Je lisais dernièrement le livre de M. Harmel. M. Harmel était allé un jour rendre visite au Nonce. Le Nonce lui disait avec quel plaisir il voyait prospérer les œuvres en France:  “On s'efforce partout”, disait-il, “de grouper les ouvriers, de les réunir en associations, en corporations; il n'y a qu'en France où l'on trouve tant d'ardeur pour cela. Ce sont là aussi vos moyens, M. Harmel?” — “Non, Excellence, à mon avis, le meilleur moyen de ramener les âmes à Dieu, est d'aimer Notre-Seigneur de tout son cœur et de le faire aimer. Si les patrons aimaient Dieu de tout leur cœur, toutes leurs œuvres réussiraient”.
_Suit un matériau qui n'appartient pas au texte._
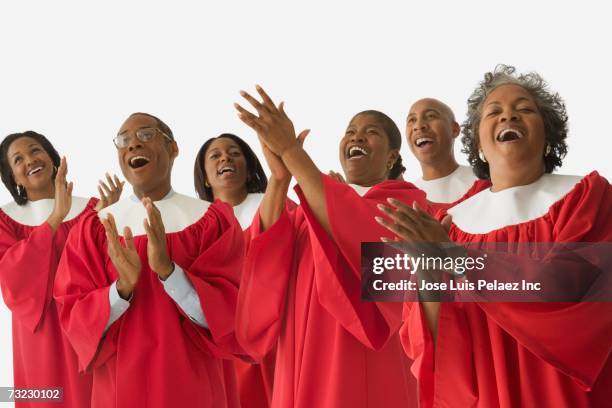 studio shot of african men and women in choir gowns singing - coro fotografías e imágenes de stock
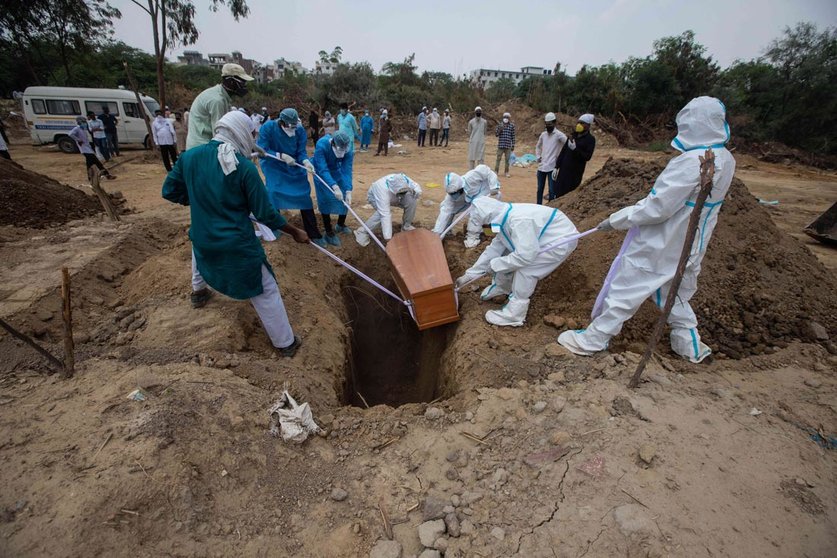 10 June 2020, India, New Delhi: Medical workers and relatives wearing personal protective equipment gear buried a person who died of coronavirus (Covid-19) at the Jadid Qabristan Ahle Islam graveyard. Photo: Vijay Pandey/ZUMA Wire/dpa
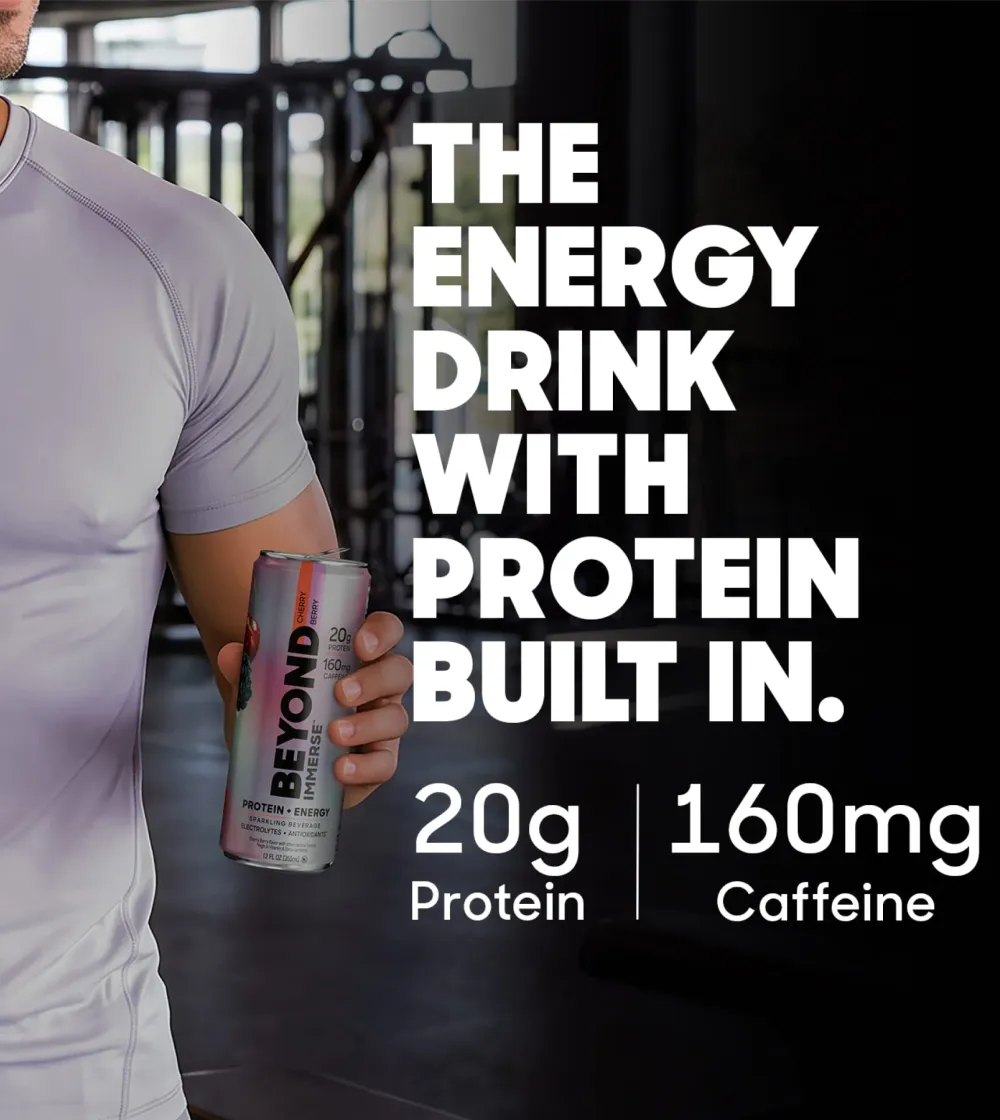 A cropped gym lifestyle image shows a person in a light shirt holding a slim silver can with “BEYOND” and “PROTEIN + ENERGY” visibly printed on it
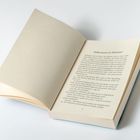 Aufgeschlagenes Buch, Seiten mit gedrucktem Text. Überschrift: "Willkommen im Wahnsinn!" Links leere Seite.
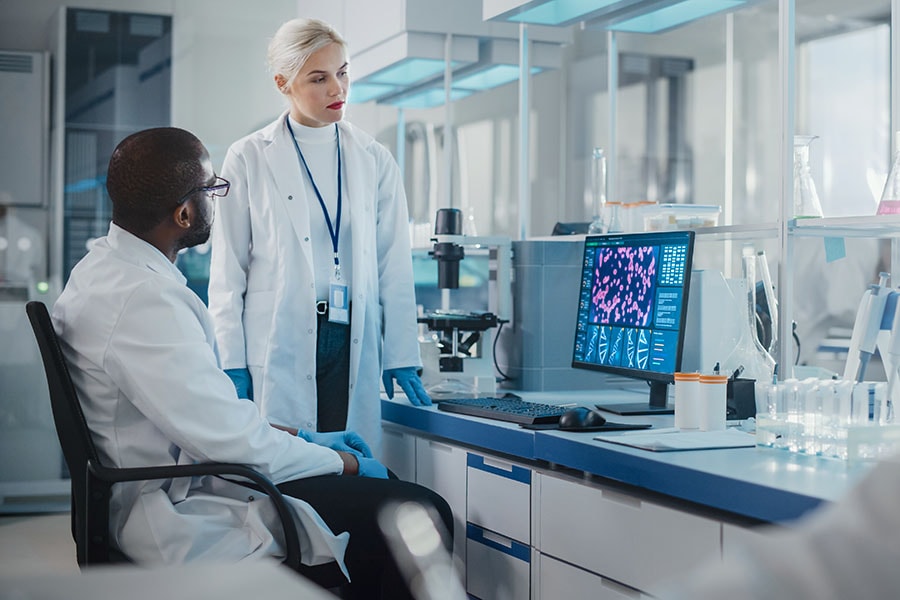 Modern Medical Research Laboratory: Two Scientists Use Computer with Screen Showing DNA Gene Analysis, Specialists Discuss Innovative Technology. Advanced Scientific Lab for Medicine, Biotechnology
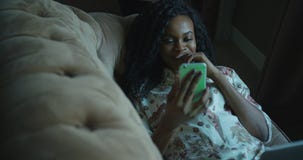 Närbildsikt av den gladlynta unga afro--amerikan kvinnan som skrattar och pratar genom att använda mobiltelefonen, medan ligga på lager videofilmer Närbildsikt av den gladlynta unga afro--amerikan kvinnan som skrattar och pratar genom att använda mobiltelefonen, medan ligga på lager videofilmer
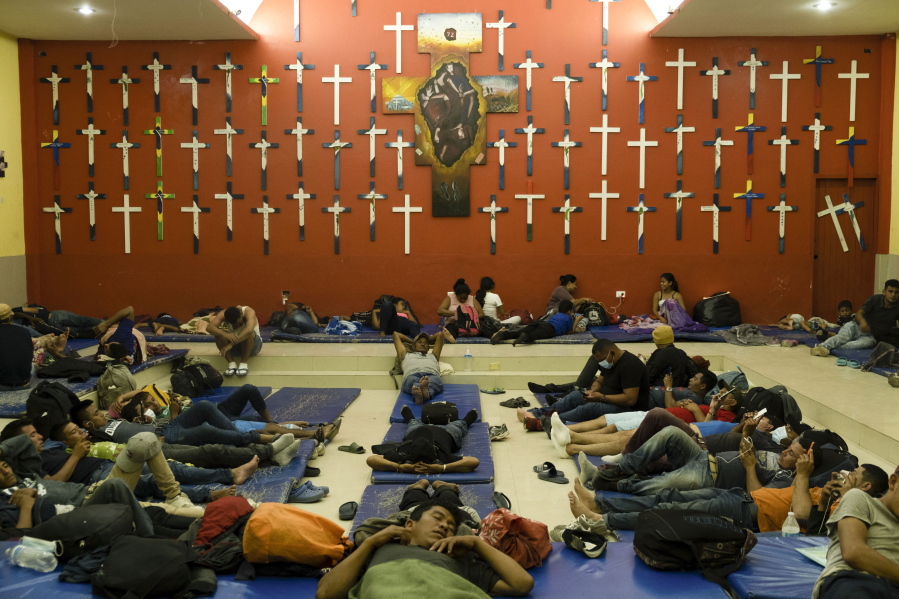 Central American migrants rest at &quot;The 72&quot; shelter in Tenosique, Tabasco state, Mexico, Tuesday, Feb. 9, 2021. Only six weeks into the year, the shelter has hosted nearly 1,500 migrants compared to 3,000 all of last year, even though it has halved its dormitory capacity due to the new cornavirus pandemic.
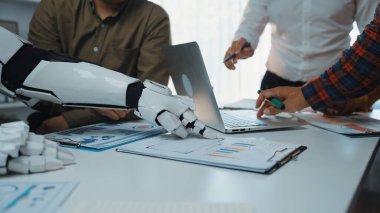 Modern bir ofis ortamında insan eli ve robotik kolun etkileşime girdiği ortak bir toplantı düzenlenir. Bu sahne iş dünyasındaki teknoloji entegrasyonunu vurgular. Noogenesis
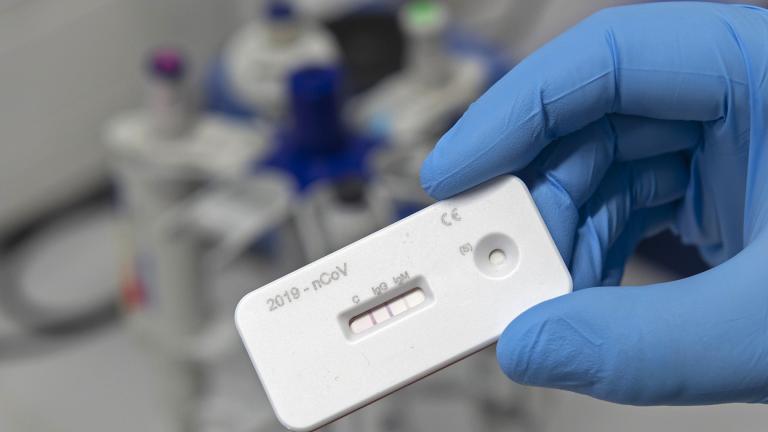 A scientist presents an antibody test for coronavirus in a laboratory of the Leibniz Institute of Photonic Technology (Leibniz IPHT) at the InfectoGnostics research campus in Jena, Germany, Friday, April 3, 2020. (AP Photo / Jens Meyer)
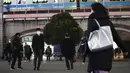 Orang-orang yang mengenakan masker untuk mengekang penyebaran virus corona COVID-19 berjalan di luar stasiun kereta di Tokyo, Jepang, Rabu (6/1/2021). Ibu kota Jepang itu mengkonfirmasi lebih dari 1.500 kasus baru virus corona COVID-19 pada 6 Januari 2021. (AP Photo/Eugene Hoshiko)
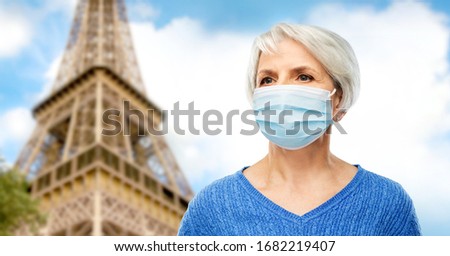 health, safety and pandemic concept - portrait of senior woman wearing protective medical mask for protection from virus over eiffel tower in paris, france background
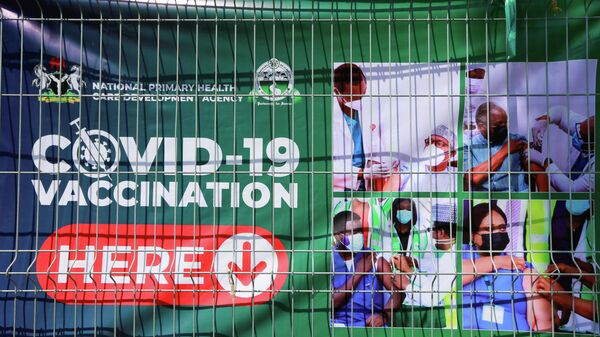 A banner is displayed on a fence at a coronavirus disease (COVID-19) vaccination centre, after the government commenced the roll out of mass vaccination in Abuja, Nigeria November 19, 2021.  - Sputnik International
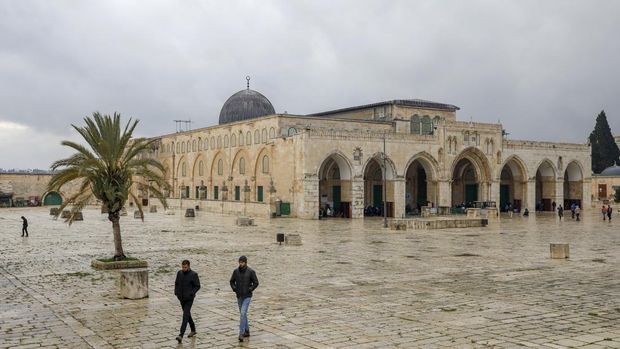 Palestinians walk in front of the Al-Aqsa mosque inside the almost deserted compound in the Old City of Jerusalem, after clerics took protective measures in a bid to stem the spread of the novel coronavirus, on March 20, 2020. Israel has 433 confirmed cases of COVID-19, with another 44 in the occupied Palestinian territories and tens of thousands in self-isolation. (Photo by AHMAD GHARABLI / AFP)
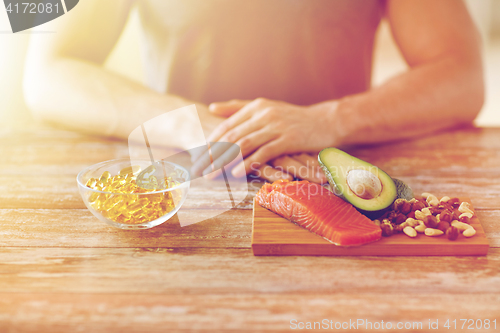 Image of close up of male hands with food rich in protein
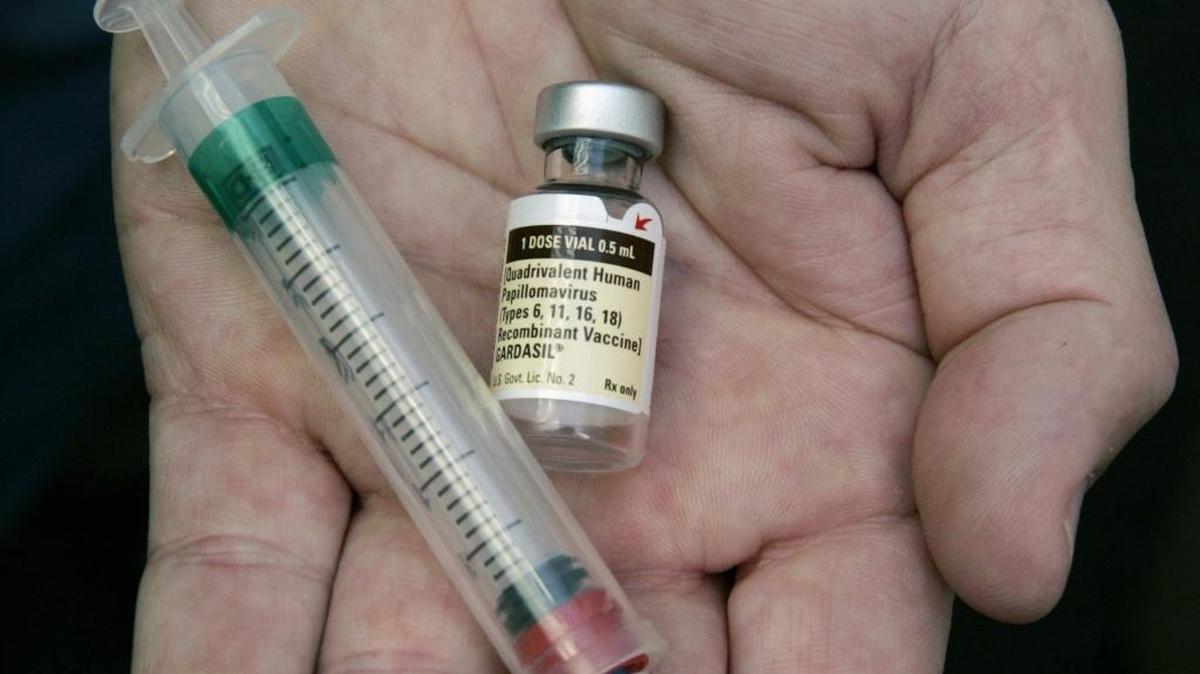 In this 2006 file photo, a doctor holds a vial of the human papillomavirus (HPV) vaccine Gardasil in his Chicago office.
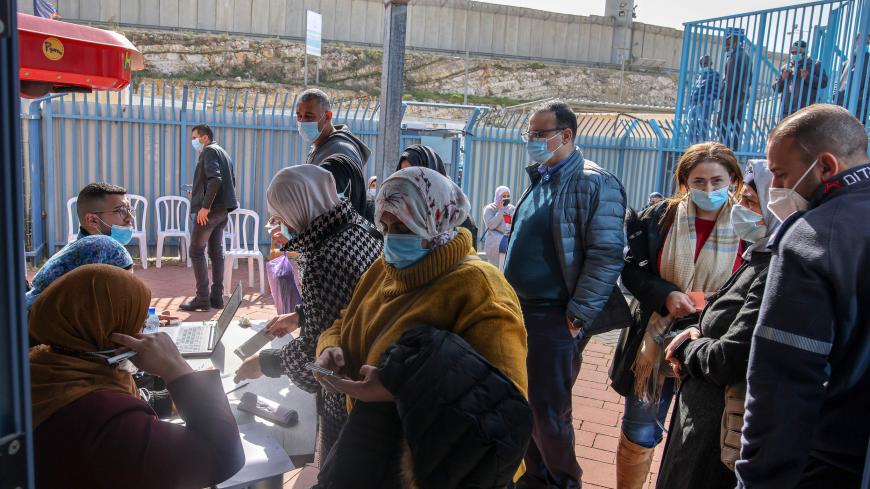 Palestinians wait to receive doses of the the Pfizer-BioNTech COVID-19 coronavirus vaccine provided by Israel's Magen David Adom medical services at Qalandia checkpoint on the crossing between the West Bank city of Ramallah and Israeli-annexed east Jerusalem, on February 23, 2021. - Israel said its "limited" supply of unused coronavirus vaccines would be sent to the Palestinians and several countries, with Honduras, which plans to move its embassy to Jerusalem, reportedly on the list. The world leader in va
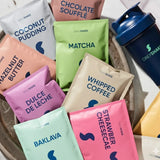 Assorted DailyShake protein powder packets in various flavors with a shaker bottle.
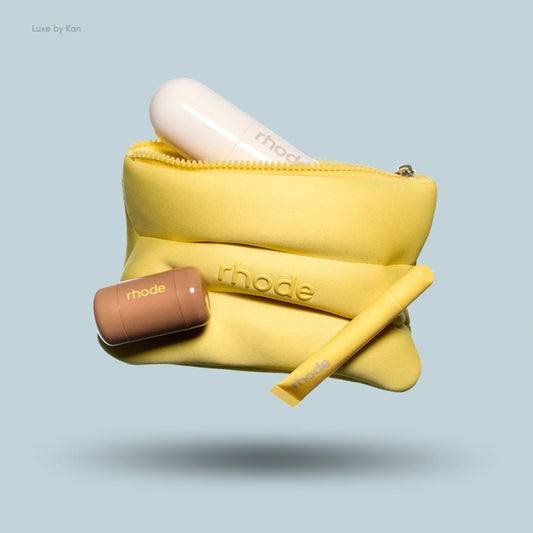 Rhode Summer Kit featuring a yellow pouch with an embossed logo, a white serum bottle, a brown Peptide Lip Treatment, and a yellow Lip Treatment.
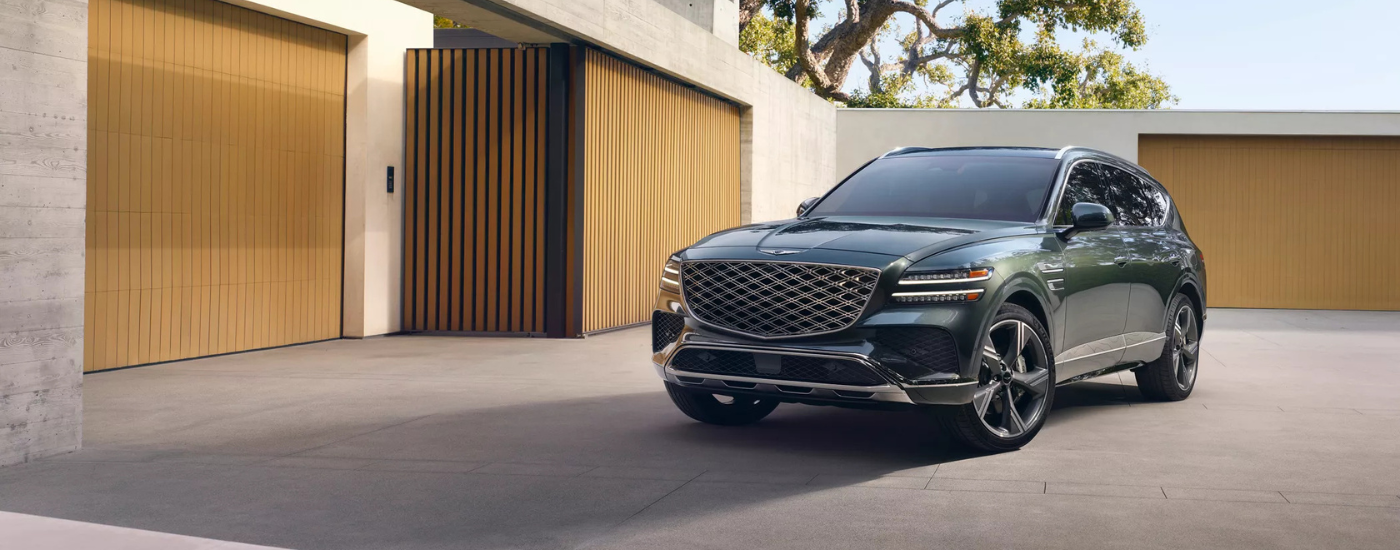 Green 2025 Genesis GV80 parked in front of a home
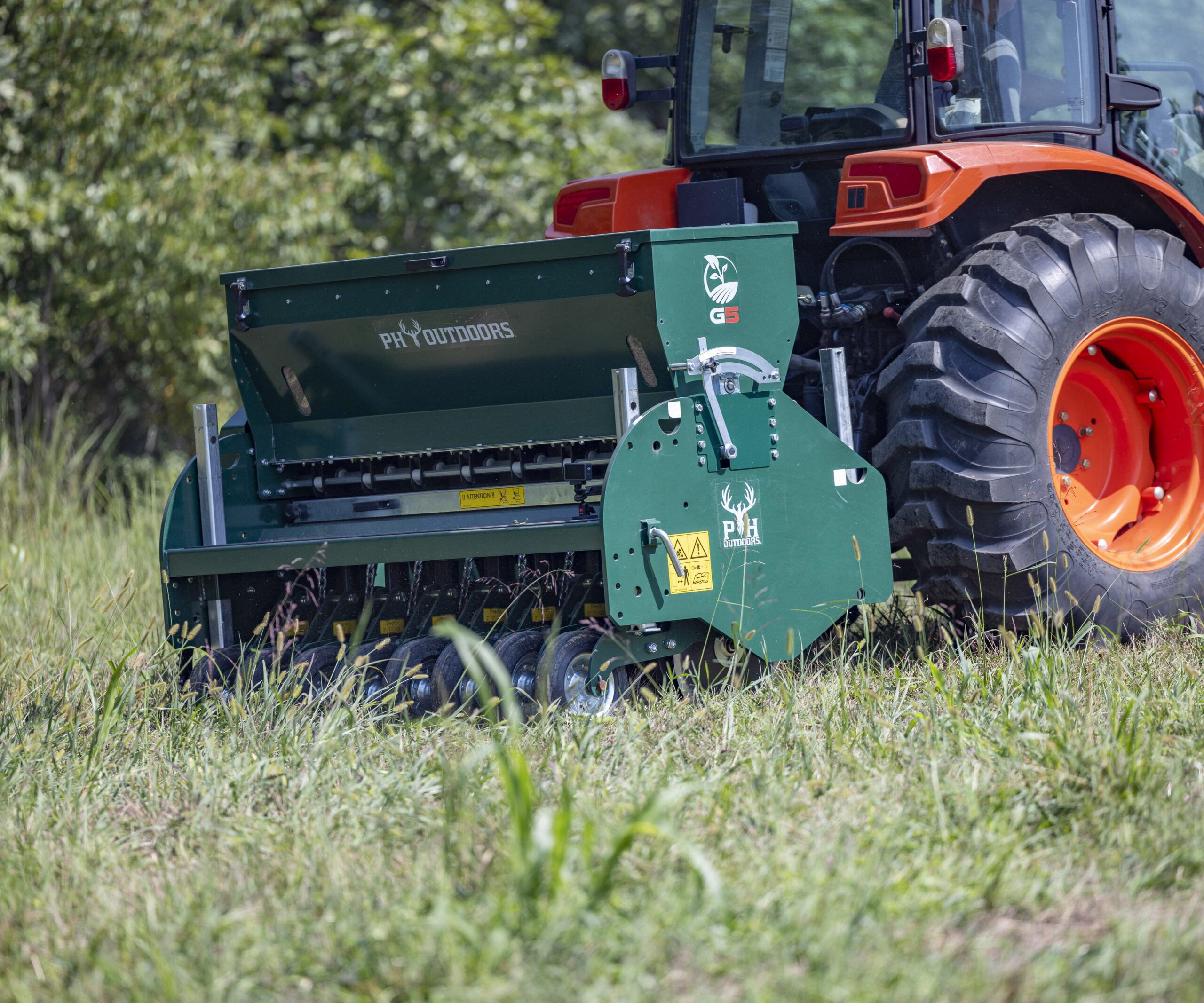 New PH Outdoors Genesis 5 drill with 60" width, 8 rows on 7.5" spacing, 3-point hitch, and an 8-bushel seed box.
Ainsi la force de M. Harmel est dans la force de Notre-Seigneur et dans les sacrements, et la force la plus puissante pour ramener et convertir les âmes, c'est d'aimer Notre-Seigneur, de s'en approcher, et d'en faire approcher les autres. M. Harmel et plusieurs de ses ouvriers offrent leur vie et leurs œuvres pour que la volonté de Dieu s'accomplisse. Plusieurs sont morts après ce généreux sacrifice, et il en est résulté une inspiration profonde qui témoigne combien le bon Dieu aime ces choses. C'est bien là, du reste, la pensée de notre mère Marie de Sales. M. Harmel paraît être bien entièrement dans son esprit. Que ces pensées tiennent notre âme grandement recueillie en Dieu en qui nous irons chercher tout ce qui nous est nécessaire. Nous nous fonderons dans cette foi, sans quoi nous serons comme la feuille légère que le vent emporte et promène à son gré.